**EXERCISE DESCRIPTION**
With pictures left out, set down exactly the lines from the line containing "Statue du Cardinal" through the last line of the data.

**DATA SECTION**
= = =
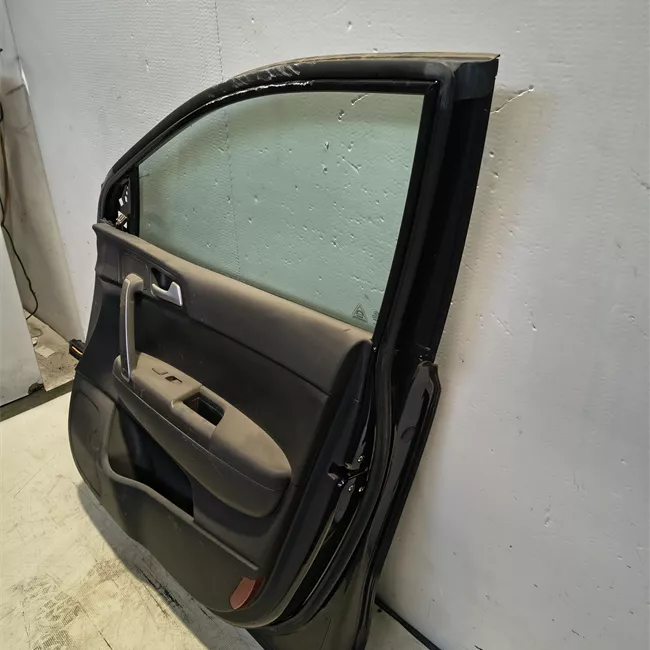 Porta anteriore destra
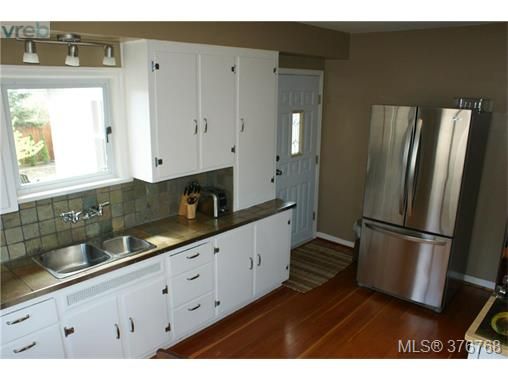 Photo 7: Photos: 171 Cadillac Ave in VICTORIA: SW Gateway House for sale (Saanich West)  : MLS®# 756411
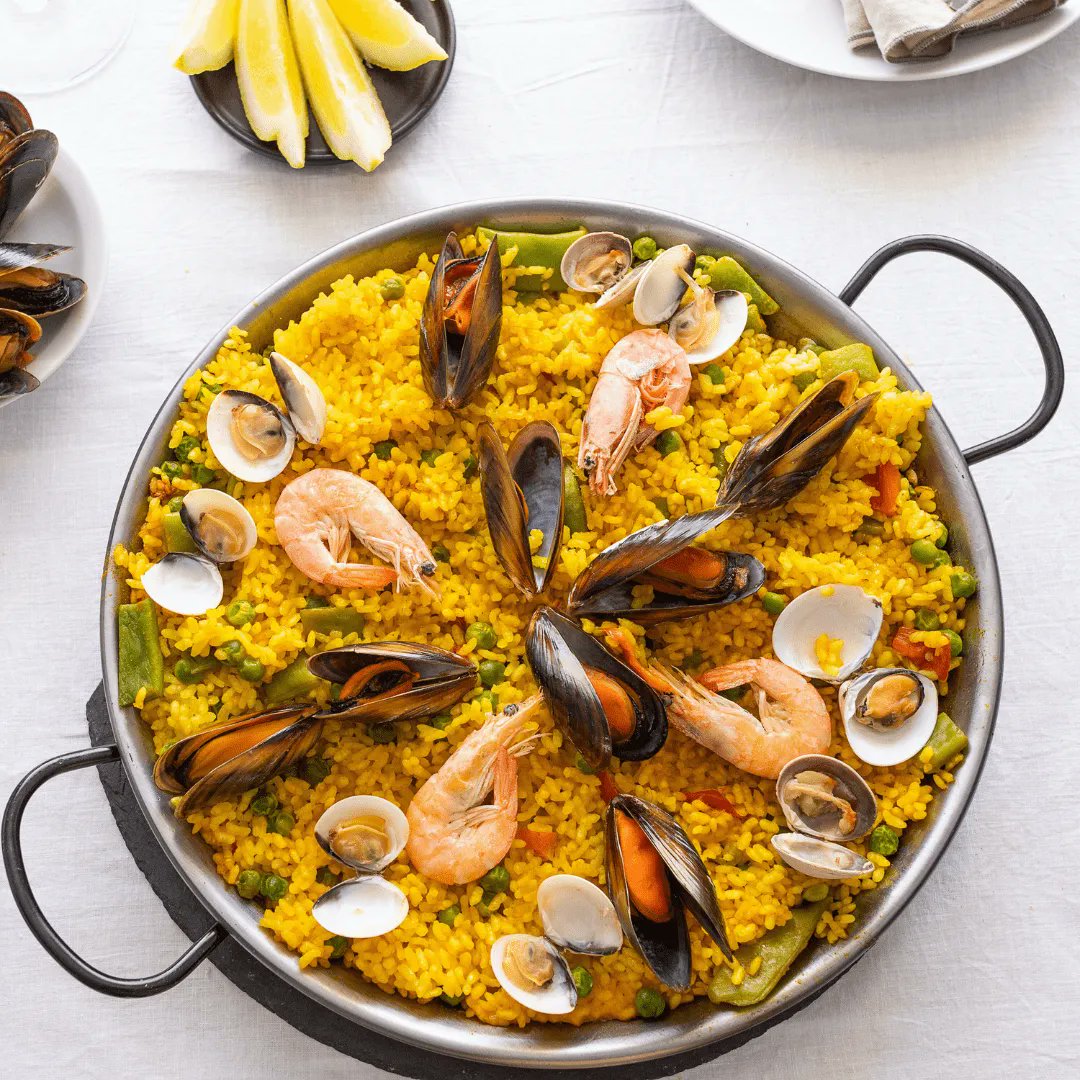 Many kids told me they wanted to learn to make something ‘fancy.’ This is fancy and dramatic! Yes, kids can make this! buff.ly/3NSh4Vc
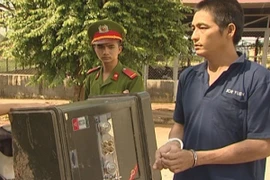 Cuộc vây đuổi các đối tượng trộm kết sắt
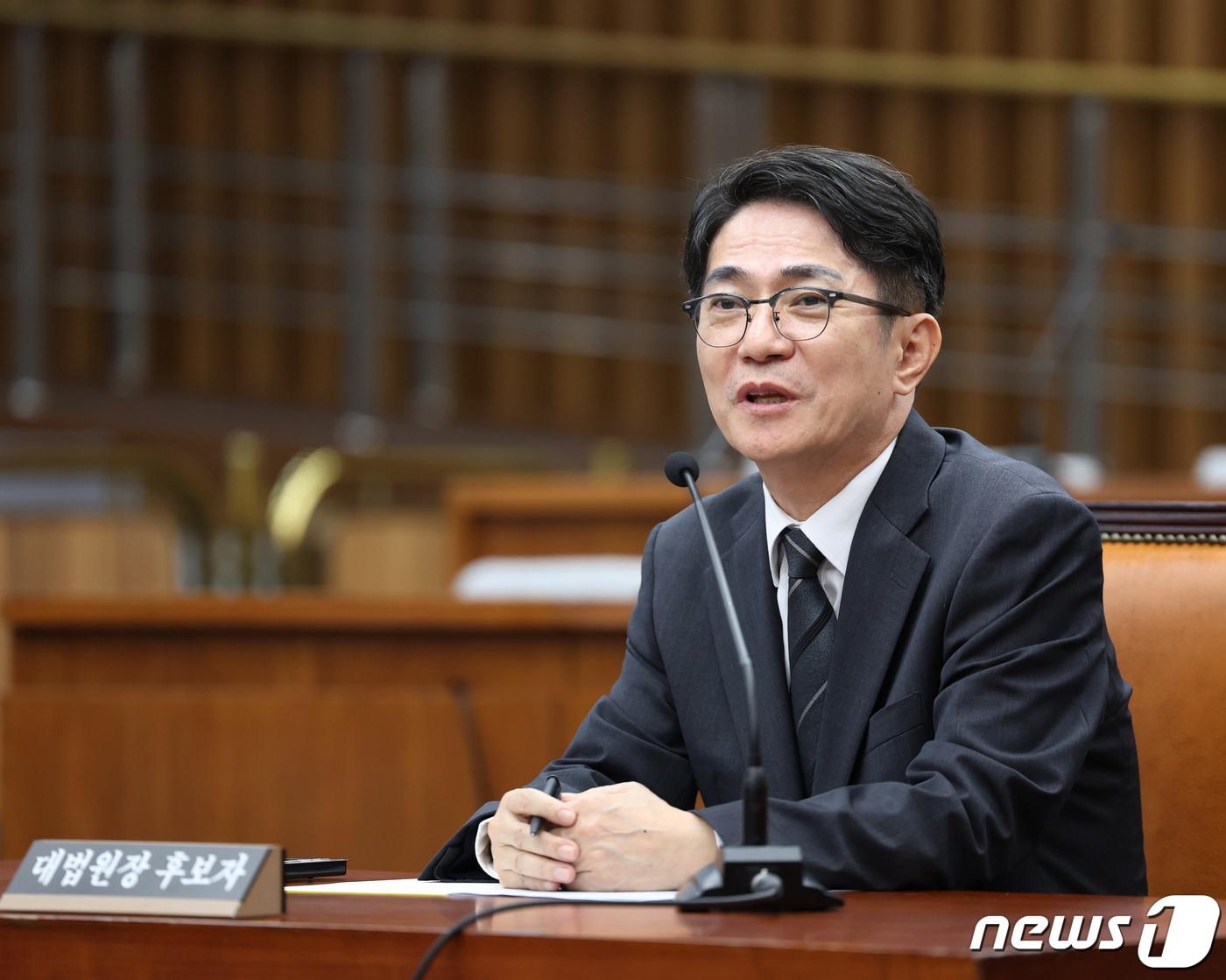 본문 이미지 - 이균용 대법원장 후보자가 20일 서울 여의도 국회에서 열린 인사청문회에서 의원들의 질의에 답변하고 있다. 2023.9.20/뉴스1 ⓒ News1 송원영 기자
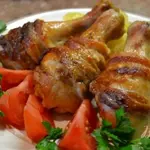 Куриные ножки в грудинке.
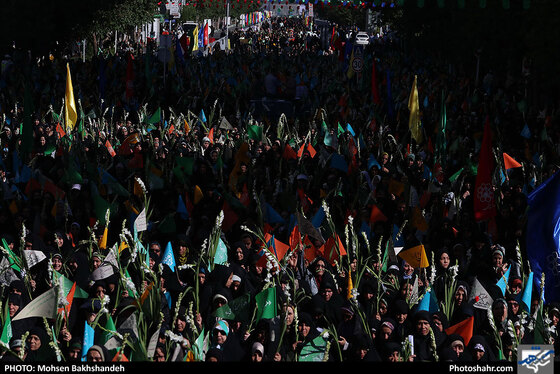 گلباران حرم مطهر رضوی در روز میلاد حضرت معصومه سلام الله علیها / عکس: محسن بخشنده / شهرآرا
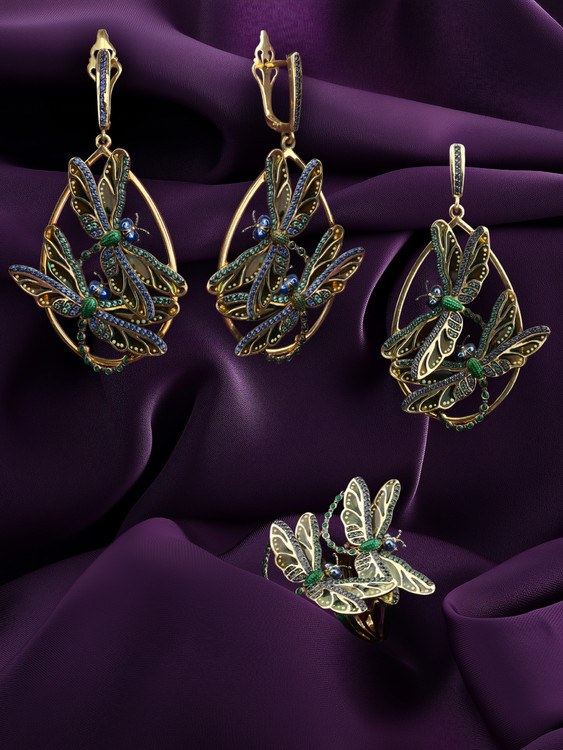 Серьги из лимонного золота c сапфиром, изумрудом и эмалью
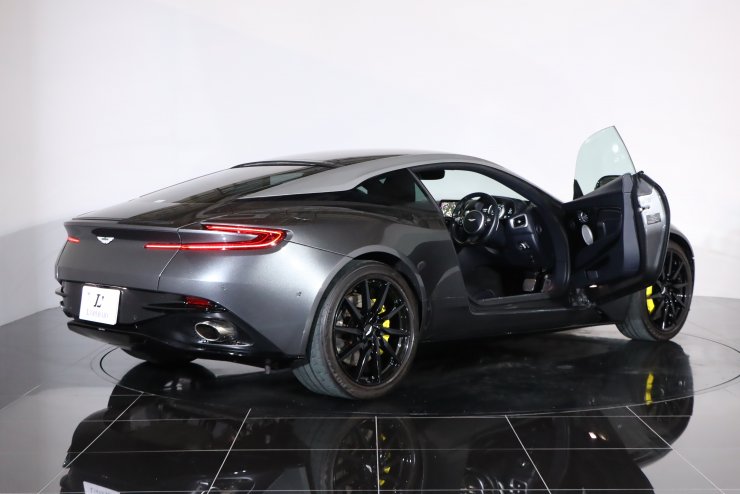 アストンマーティン DB11 Launch Edition 世界限定1000台 専用装備多数
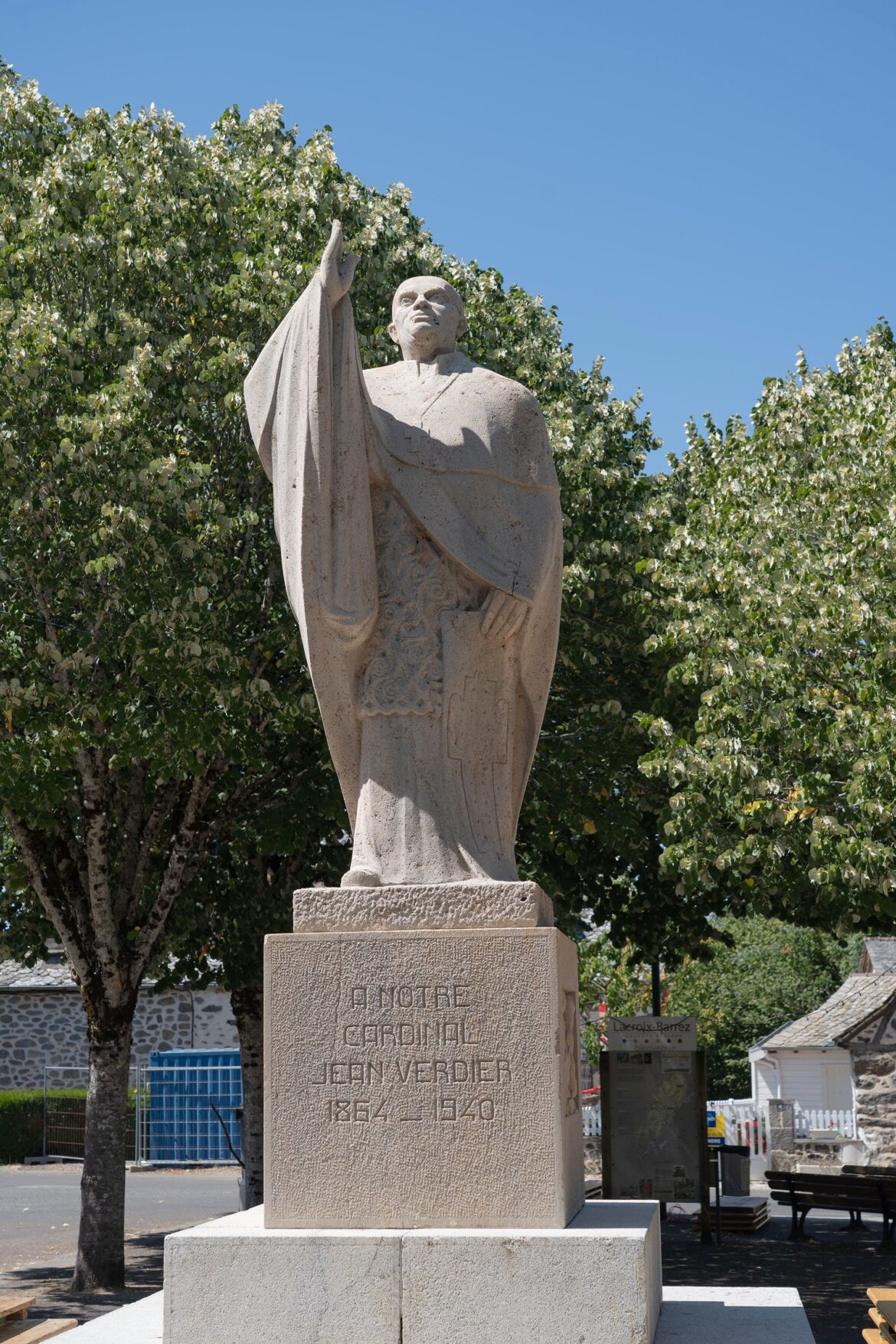 Statue du Cardinal Jean Verdier à Lacroix-Barrez (Aveyron)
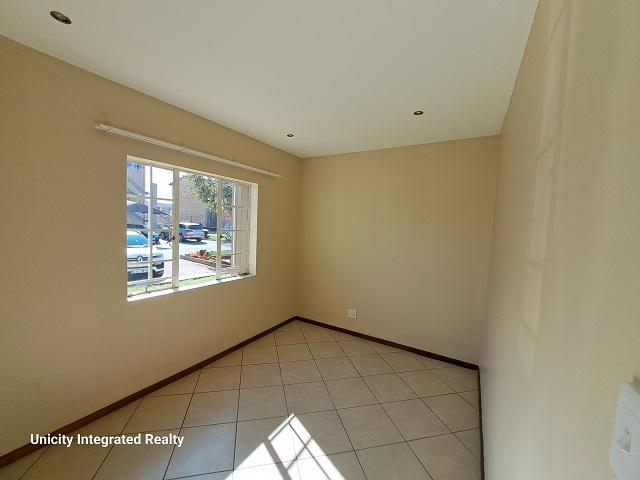 To Let 2 Bedroom Property for Rent in Stone Ridge Gauteng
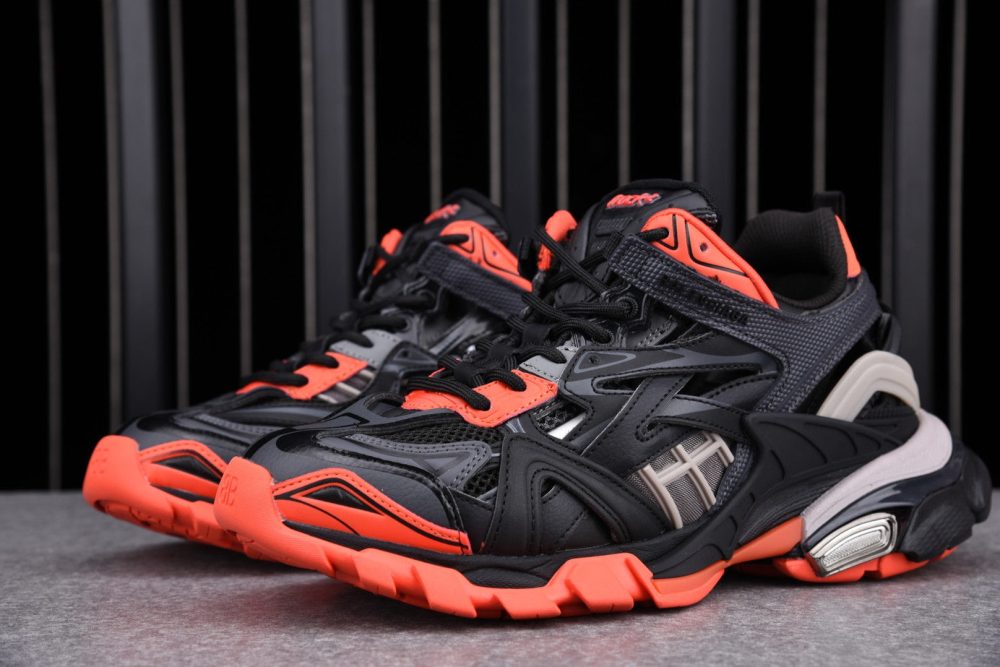 Track 2.0 Trainer 'Black Red Grey' - Image 9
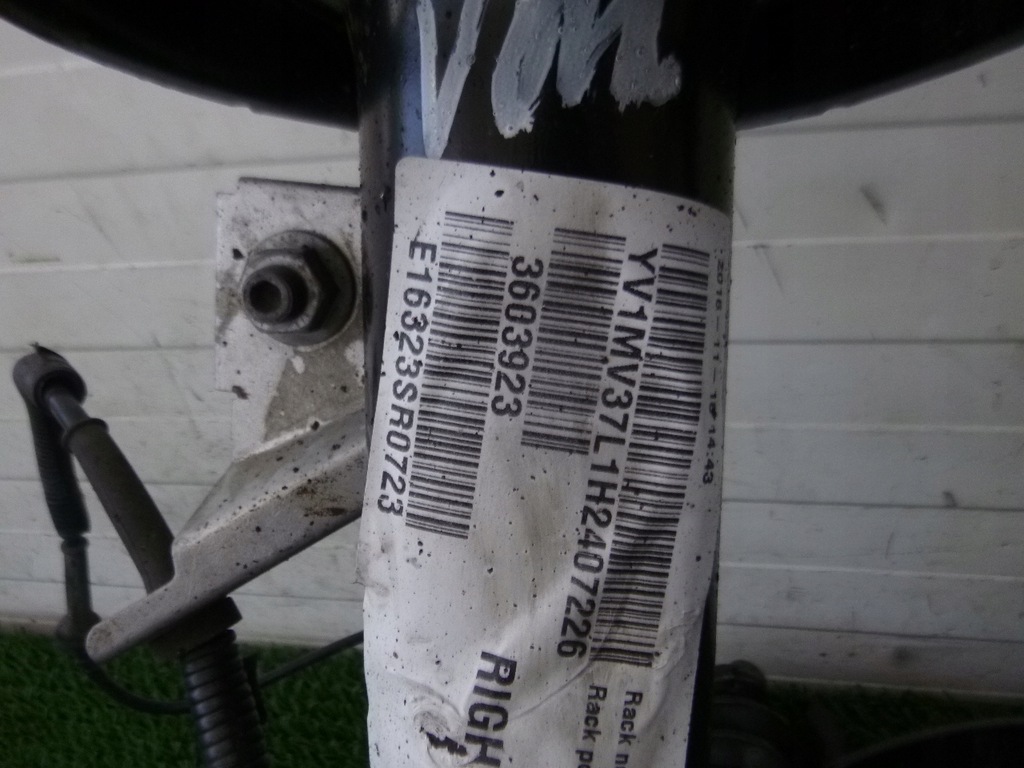 фото №4, Volvo v40 ii 15- 2.0 t3 mcperson поворотний кулак права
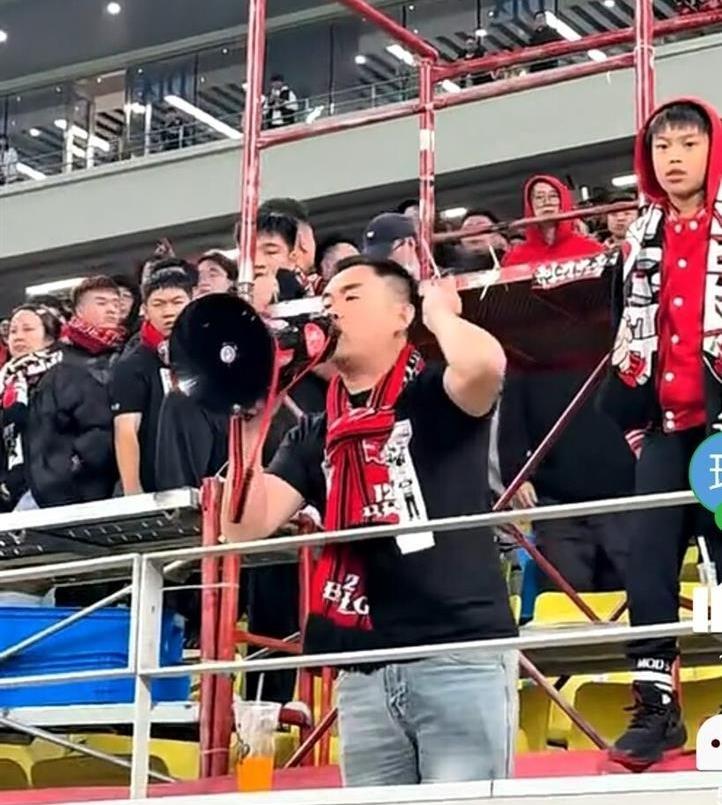 继成都蓉城之后，球场边再现球迷训话球员的名场面。
浙江队全运会0：1新疆，赛后浙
= = =
**ANSWER FOR THIS EXERCISE**
 Statue du Cardinal Jean Verdier à Lacroix-Barrez (Aveyron)
 To Let 2 Bedroom Property for Rent in Stone Ridge Gauteng
 Track 2.0 Trainer 'Black Red Grey' - Image 9
 фото №4, Volvo v40 ii 15- 2.0 t3 mcperson поворотний кулак права
 继成都蓉城之后，球场边再现球迷训话球员的名场面。
浙江队全运会0：1新疆，赛后浙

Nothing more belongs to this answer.